The Challenging Journey of Building an AI-Powered Knowledge Base: Ingestion Pipeline Development - Part 2
From Manual Extraction to Automated Brilliance: Overcoming Challenges in Building a Robust AI Knowledge Base
Previous Posts:
Introduction
In my previous post of part 1, I shared the journey of developing a multi-agent AI application integrated with Slack for internal use. The response has been overwhelming, with over 150 employees using it since launch and more than 1,000 questions answered. Today, I want to take you deeper into one of the most challenging aspects of this project: creating an efficient and comprehensive ingestion pipeline for our knowledge base.
This post will be a detailed exploration of the obstacles I faced, the solutions I developed, and the lessons I learned along the way. Whether you’re a seasoned data engineer or just starting your journey in AI-powered knowledge management for your company or your enterprise, I hope you’ll find valuable insights that you can apply to your own projects.
The Initial Hurdle: Incomplete Data Extraction
When I first started on this project, I made a mistake: I assumed that manually downloading and extracting data from our Confluence Space would be sufficient. Oh boy, how wrong I was!

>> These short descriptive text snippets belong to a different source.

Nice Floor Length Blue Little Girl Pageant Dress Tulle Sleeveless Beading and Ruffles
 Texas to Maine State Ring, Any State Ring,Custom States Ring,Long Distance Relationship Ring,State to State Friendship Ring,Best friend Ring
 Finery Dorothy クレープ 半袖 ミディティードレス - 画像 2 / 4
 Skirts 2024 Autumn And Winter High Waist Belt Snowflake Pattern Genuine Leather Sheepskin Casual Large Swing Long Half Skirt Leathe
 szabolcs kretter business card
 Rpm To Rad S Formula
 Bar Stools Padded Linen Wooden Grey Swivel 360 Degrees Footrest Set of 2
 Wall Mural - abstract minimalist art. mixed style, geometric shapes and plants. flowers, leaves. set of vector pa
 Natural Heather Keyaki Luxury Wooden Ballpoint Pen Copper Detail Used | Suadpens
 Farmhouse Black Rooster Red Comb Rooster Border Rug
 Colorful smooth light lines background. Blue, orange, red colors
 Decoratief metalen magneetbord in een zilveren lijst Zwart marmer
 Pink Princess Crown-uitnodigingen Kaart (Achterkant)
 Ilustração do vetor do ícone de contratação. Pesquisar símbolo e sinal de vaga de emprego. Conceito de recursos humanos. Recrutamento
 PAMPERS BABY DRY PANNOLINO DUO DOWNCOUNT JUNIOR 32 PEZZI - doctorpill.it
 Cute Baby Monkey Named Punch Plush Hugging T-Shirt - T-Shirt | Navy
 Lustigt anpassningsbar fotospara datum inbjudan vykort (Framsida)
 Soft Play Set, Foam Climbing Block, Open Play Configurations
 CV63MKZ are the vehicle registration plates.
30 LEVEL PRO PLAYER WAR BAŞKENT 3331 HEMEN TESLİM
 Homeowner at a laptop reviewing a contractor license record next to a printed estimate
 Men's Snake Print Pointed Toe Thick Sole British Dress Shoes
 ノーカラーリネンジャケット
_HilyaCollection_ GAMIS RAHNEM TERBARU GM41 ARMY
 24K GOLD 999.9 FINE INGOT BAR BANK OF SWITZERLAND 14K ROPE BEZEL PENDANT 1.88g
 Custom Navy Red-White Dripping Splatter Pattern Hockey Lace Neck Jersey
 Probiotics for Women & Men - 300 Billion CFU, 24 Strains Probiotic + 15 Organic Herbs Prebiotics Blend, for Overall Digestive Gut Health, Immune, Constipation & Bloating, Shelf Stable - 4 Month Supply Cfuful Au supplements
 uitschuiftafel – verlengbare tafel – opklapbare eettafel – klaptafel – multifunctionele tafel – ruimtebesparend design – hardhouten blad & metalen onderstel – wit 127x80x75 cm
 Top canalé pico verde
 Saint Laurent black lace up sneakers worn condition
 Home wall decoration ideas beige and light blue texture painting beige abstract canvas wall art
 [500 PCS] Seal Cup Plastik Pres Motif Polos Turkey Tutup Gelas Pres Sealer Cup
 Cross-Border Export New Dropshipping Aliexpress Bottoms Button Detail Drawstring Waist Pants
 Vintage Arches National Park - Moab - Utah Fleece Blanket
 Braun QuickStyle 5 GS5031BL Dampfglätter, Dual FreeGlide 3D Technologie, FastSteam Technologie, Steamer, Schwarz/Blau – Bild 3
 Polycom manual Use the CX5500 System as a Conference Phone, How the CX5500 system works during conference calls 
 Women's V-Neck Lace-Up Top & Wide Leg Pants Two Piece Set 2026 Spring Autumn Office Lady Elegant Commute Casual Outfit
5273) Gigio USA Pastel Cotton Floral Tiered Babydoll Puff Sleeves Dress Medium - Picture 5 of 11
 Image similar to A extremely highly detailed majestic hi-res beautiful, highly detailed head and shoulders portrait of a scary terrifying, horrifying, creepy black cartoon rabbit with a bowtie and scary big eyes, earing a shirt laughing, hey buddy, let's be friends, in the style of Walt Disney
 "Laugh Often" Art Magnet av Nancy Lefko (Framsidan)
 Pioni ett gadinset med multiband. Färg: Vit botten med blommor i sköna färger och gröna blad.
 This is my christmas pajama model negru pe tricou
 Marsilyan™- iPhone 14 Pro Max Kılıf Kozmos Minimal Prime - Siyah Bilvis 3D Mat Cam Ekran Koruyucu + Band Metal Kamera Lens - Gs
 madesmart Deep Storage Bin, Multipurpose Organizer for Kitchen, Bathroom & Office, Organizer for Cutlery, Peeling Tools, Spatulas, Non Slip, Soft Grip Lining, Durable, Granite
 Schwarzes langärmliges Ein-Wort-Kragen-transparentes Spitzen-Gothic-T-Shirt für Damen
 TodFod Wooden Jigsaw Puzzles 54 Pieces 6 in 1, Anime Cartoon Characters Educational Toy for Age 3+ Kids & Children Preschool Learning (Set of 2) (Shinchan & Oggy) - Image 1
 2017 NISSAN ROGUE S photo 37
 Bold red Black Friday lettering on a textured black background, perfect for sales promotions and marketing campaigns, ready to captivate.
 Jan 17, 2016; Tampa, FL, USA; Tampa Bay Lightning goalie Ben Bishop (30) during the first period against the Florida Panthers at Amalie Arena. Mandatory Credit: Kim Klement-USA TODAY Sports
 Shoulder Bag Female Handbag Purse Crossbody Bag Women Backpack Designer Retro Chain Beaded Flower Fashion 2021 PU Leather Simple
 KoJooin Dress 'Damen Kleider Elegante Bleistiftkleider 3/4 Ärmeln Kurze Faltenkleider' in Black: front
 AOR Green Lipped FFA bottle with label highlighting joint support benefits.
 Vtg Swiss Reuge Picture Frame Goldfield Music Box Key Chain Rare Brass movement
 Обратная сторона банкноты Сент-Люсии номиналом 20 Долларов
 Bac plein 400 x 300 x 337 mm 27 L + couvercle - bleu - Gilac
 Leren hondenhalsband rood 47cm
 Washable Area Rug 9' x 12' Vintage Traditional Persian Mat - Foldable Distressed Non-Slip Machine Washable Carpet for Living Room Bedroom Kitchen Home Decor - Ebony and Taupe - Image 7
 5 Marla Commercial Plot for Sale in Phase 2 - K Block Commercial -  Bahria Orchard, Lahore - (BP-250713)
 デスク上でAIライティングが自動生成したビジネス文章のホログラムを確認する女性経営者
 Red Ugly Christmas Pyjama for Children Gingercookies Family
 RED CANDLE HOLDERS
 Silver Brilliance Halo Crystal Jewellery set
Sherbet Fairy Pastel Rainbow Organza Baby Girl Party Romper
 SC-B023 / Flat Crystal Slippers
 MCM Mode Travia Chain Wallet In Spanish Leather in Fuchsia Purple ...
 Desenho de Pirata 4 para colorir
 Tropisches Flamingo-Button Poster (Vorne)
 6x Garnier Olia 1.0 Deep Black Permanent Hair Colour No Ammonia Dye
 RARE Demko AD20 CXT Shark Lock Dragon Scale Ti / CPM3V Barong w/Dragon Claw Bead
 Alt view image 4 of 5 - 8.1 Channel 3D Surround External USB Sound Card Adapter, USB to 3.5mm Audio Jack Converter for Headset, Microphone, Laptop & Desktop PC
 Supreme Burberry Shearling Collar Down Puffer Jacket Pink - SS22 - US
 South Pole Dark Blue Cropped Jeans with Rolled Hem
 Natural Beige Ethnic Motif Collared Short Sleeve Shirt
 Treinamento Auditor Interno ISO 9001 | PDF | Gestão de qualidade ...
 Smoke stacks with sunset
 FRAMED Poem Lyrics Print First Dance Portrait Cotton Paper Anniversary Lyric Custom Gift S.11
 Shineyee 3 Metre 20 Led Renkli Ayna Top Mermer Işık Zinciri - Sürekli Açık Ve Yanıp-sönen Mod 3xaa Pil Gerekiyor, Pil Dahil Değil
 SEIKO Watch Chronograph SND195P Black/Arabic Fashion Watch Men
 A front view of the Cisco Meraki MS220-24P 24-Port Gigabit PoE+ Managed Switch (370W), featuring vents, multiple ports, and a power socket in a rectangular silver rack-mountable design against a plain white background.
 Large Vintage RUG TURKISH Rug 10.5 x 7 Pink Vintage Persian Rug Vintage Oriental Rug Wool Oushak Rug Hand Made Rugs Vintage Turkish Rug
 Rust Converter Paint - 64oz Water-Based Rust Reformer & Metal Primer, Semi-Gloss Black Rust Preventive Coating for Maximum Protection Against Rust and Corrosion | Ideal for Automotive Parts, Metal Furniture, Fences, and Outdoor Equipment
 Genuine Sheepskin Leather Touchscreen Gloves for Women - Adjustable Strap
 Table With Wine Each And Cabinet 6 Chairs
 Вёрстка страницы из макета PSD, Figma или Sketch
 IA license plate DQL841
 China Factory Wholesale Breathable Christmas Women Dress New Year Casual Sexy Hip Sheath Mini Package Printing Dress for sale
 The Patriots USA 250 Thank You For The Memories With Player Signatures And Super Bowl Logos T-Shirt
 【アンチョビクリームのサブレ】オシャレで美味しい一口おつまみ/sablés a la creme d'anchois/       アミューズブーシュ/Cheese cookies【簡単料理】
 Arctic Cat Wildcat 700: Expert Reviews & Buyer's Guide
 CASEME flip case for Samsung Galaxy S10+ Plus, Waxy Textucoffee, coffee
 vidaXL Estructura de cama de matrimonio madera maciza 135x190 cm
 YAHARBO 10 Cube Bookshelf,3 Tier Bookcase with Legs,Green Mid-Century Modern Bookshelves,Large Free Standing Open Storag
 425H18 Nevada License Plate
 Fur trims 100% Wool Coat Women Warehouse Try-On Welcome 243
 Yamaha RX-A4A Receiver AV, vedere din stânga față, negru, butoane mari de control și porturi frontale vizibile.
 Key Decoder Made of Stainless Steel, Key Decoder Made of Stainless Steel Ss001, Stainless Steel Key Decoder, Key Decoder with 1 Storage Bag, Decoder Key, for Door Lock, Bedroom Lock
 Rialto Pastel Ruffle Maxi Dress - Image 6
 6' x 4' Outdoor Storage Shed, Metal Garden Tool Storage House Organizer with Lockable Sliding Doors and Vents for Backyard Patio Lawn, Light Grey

This approach quickly revealed itself to be awfully inadequate for several reasons:
Incomplete data: Manual extraction often leaves out crucial information, especially from complex pages with multiple media (image, diagram.io) and attachments (csv, excel, Sharepoint). Well, it is actually leave those media in another separated folder
Lack of structure: As mentioned, if it leaves out the media, then how come the structure can be similar to the structure present in Confluence? So it is makings difficult to maintain context.
No automatic updates: Manual extraction meant that keeping the knowledge base up-to-date. You either extract weekly or monthly and who know daily. It does not extract what has changed only, it extracts everything (EVERYTHING)
Key Insight: The quality of your AI’s outputs is directly proportional to the quality and comprehensiveness of your data ingestion process. Don’t underestimate the importance of this foundational step!
Attempts at Improvement
Realizing the shortcomings of my initial approach, I tried various methods to improve knowledge embedding:
In the world of AI and machine learning, data preparation is like cooking. No matter how expensive your oven is, if you start with low-quality ingredients, you’ll never create a masterpiece — my quote
Experimenting with different vector embeddings
Adjusting chunking strategies and use other chunking strategies approach
Fine-tuning retrieval algorithms and use reranking
etc, etc
Despite these efforts, the improvements were marginal at best. I was gaining small percentage increases in accuracy, but nothing that truly transformed the quality of our knowledge base.
This experience was a reminder of a common pitfall in traditional machine learning: the expectation that simply feeding raw data into an algorithm will yield optimal results. In reality, successful ML projects require extensive feature extraction, engineering, and selection. (Thankfully, we now have AutoML to handle much of this complexity in many scenarios.)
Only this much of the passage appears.